Depending on your kernel, there is a process scheduler, which keeps track of a runqueue of processes ready to execute. It, along with a scheduling algorithm, tells the kernel which process to assign to which CPU. There are kernel processes and user processes to consider. Each process is allocated a time-slice, which is a chunk of CPU time it is allowed to use. Once the process uses all of its time-slice, it is marked as expired and given lower priority in the scheduling algorithm.
In the 2.6 kernel, there is a O(1) time complexity scheduler, so no matter how many processes you have up running, it will assign CPUs in constant time. It is more complicated though, since 2.6 introduced preemption and CPU load balancing is not an easy algorithm. In any case, it’s efficient and CPUs will not remain idle while you wait for the I/O.
As already explained by others, processes in "D" state (uninterruptible sleep) are responsible for the hang of ps process. To me it has happened many times with RedHat 6.x and automounted NFS home directories.
To list processes in D state you can use the following commands:
cd /proc
for i in [0-9]*;do echo -n "$i :";cat $i/status |grep ^State;done|grep D
To know the current directory of the process and, may be, the mounted NFS disk that has issues you can use a command similar to the following example (replace 31134 with the sleeping process number):
# ls -l /proc/31134/cwd
lrwxrwxrwx 1 pippo users 0 Aug 2 16:25 /proc/31134/cwd -> /auto/pippo
I found that giving the umount command with the -f (force) switch, to the related mounted nfs file system, was able to wake-up the sleeping process:
umount -f /auto/pippo
the file system wasn't unmounted, because it was busy, but the related process did wake-up and I was able to solve the issue without rebooting.
Assuming your process is a single thread, and that you're using blocking I/O, your process will block waiting for the I/O to complete. The kernel will pick another process to run in the meantime based on niceness, priority, last run time, etc. If there are no other runnable processes, the kernel won't run any; instead, it'll tell the hardware the machine is idle (which will result in lower power consumption).

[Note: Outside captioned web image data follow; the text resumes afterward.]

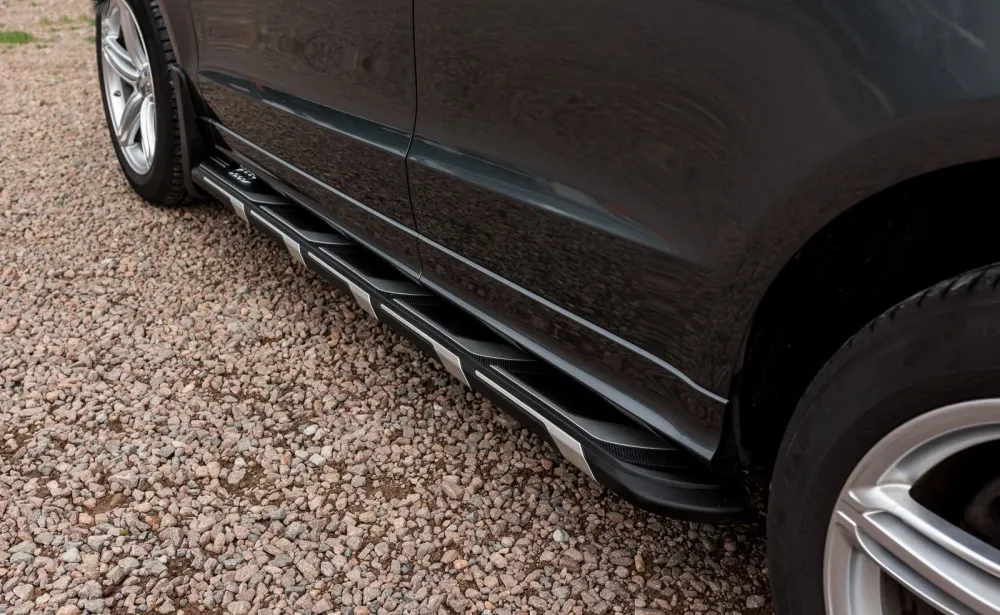 Stigtrinn Audi Q5 8R Ventshield (2008-2016)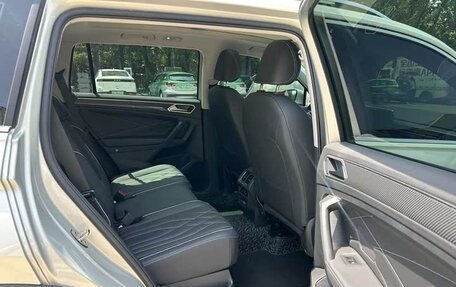 Volkswagen Tiguan II, 2022 год, 2 450 000 рублей, 12 фотография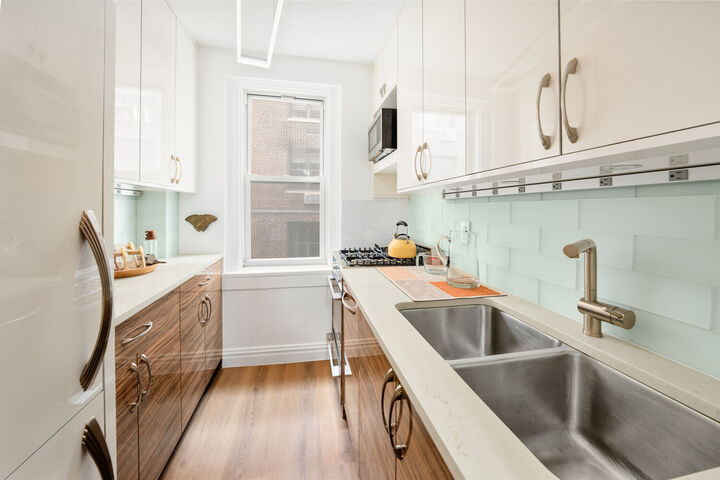 Property Photo:  110 E 87th Street 9D  NY 10128 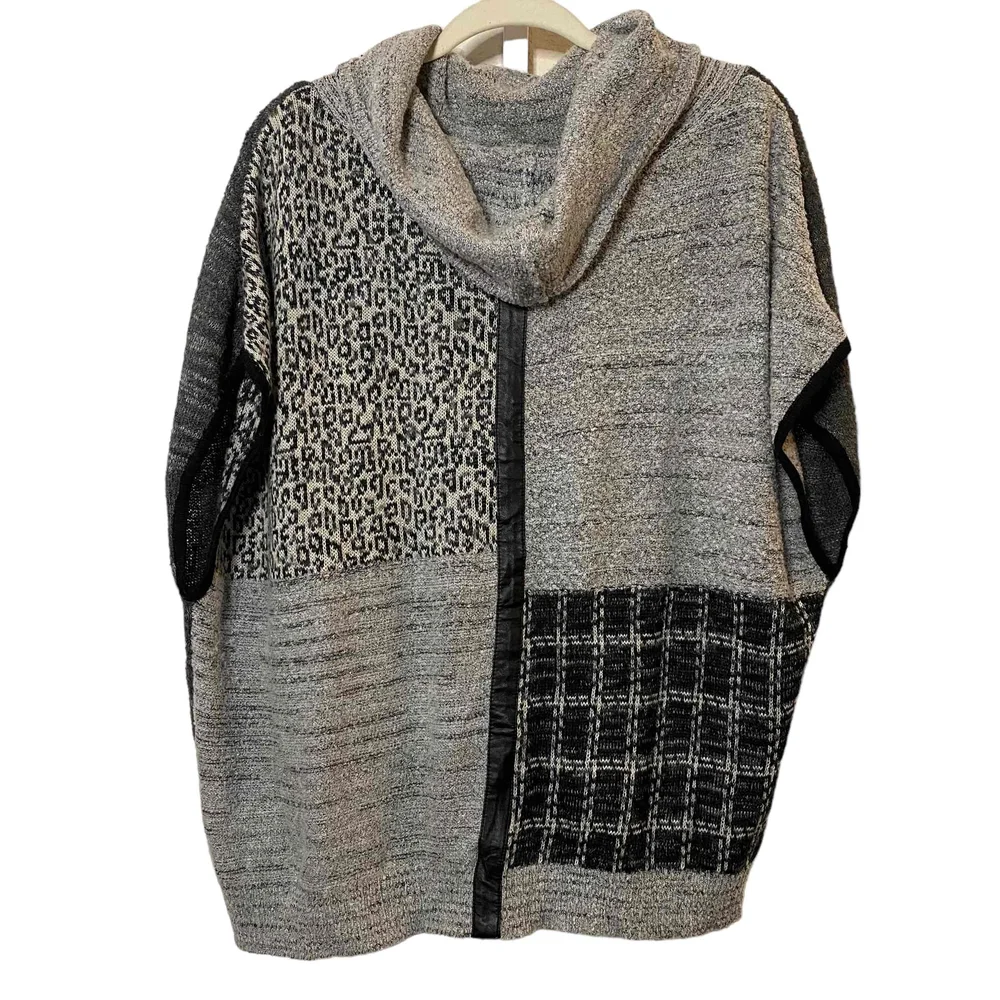 Curio New York Womens Black Gray Patchwork Poncho Style Sweater Size M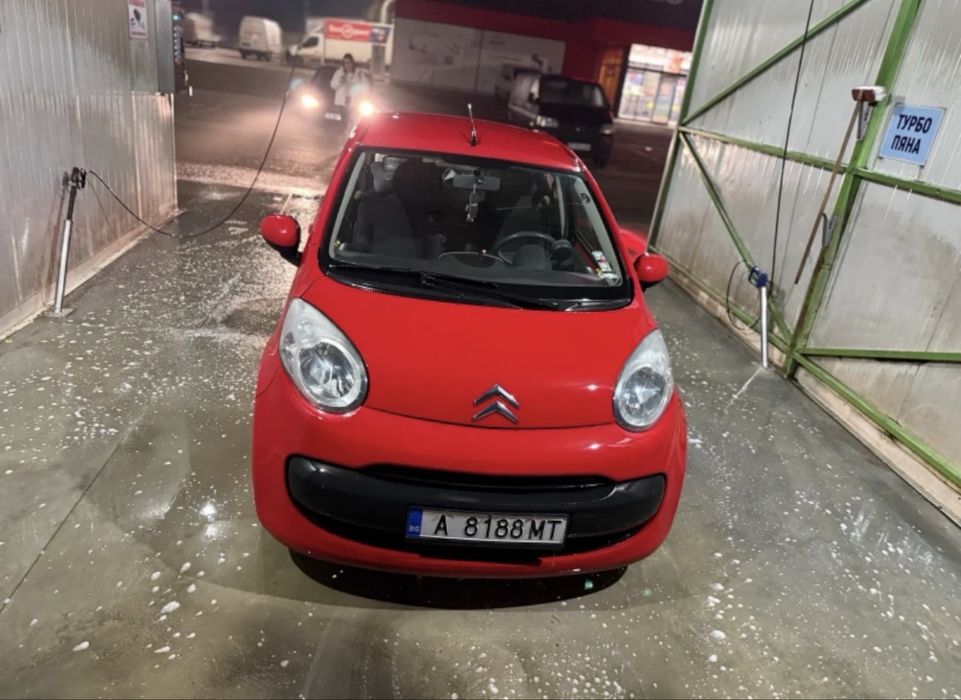 Продавам Citroen C1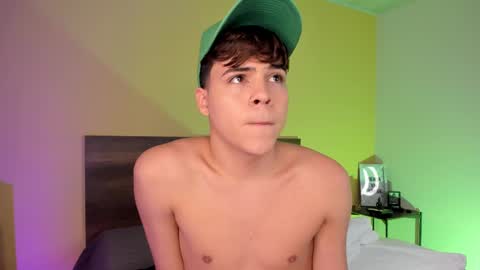 Snapshot of justinbiler chatting on February 24, 4:15 pm Justin online show from February 24, 4:15 pm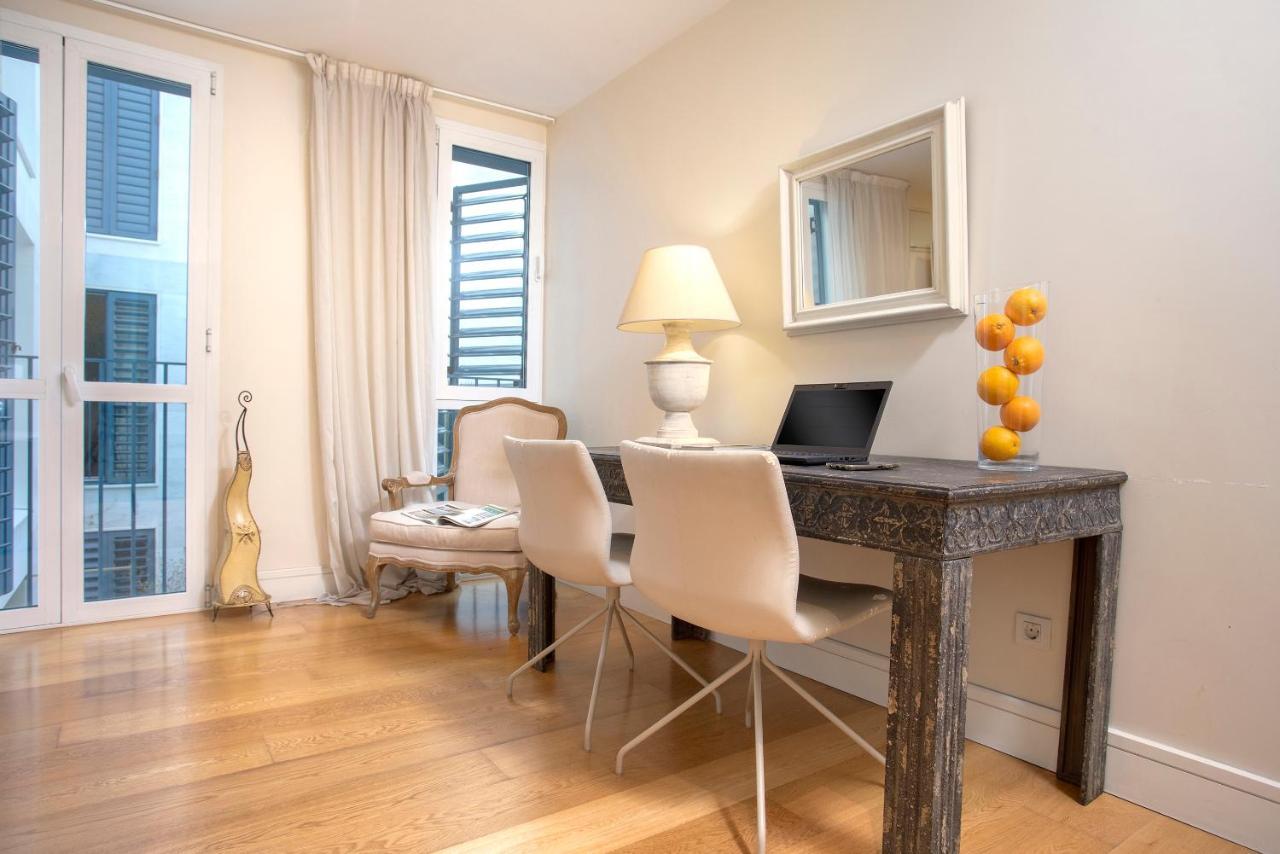 Acogedor Apartamento Junto A La Catedral By Rent Me Malaga Exterior photo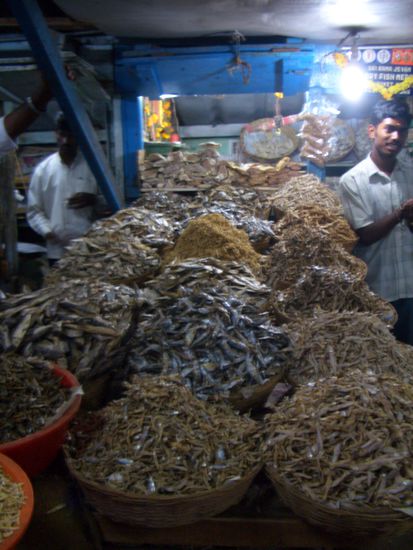 marktszene in munnar-...was ein "duft"...nebenan wurden hühner geschlachtet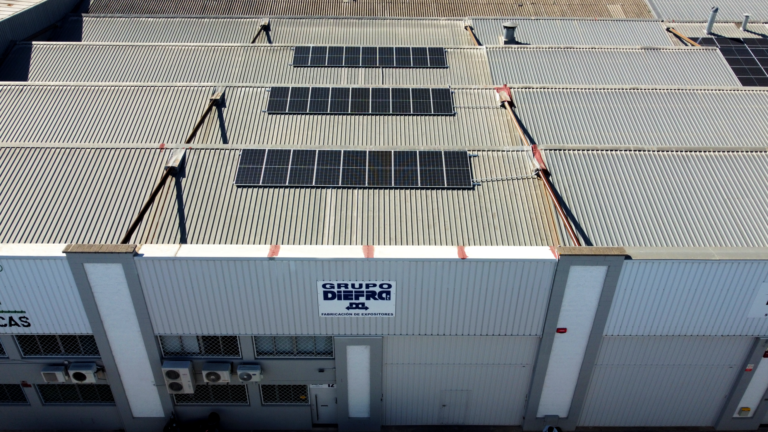 Instal·lació industrial de plaques solars a Rubí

Processes that are waiting for I/O to complete typically show up in state D in, e.g., ps and top.
Yes, the task gets blocked in the read() system call. Another task which is ready runs, or if no other tasks are ready, the idle task (for that CPU) runs.
A normal, blocking disc read causes the task to enter the "D" state (as others have noted). Such tasks contribute to the load average, even though they're not consuming the CPU.
Some other types of IO, especially ttys and network, do not behave quite the same - the process ends up in "S" state and can be interrupted and doesn't count against the load average.
Yes, tasks waiting for IO are blocked, and other tasks get executed. Selecting the next task is done by the Linux scheduler.
Generally the process will block. If the read operation is on a file descriptor marked as non-blocking or if the process is using asynchronous IO it won't block. Also if the process has other threads that aren't blocked they can continue running.
The decision as to which process runs next is up to the scheduler in the kernel.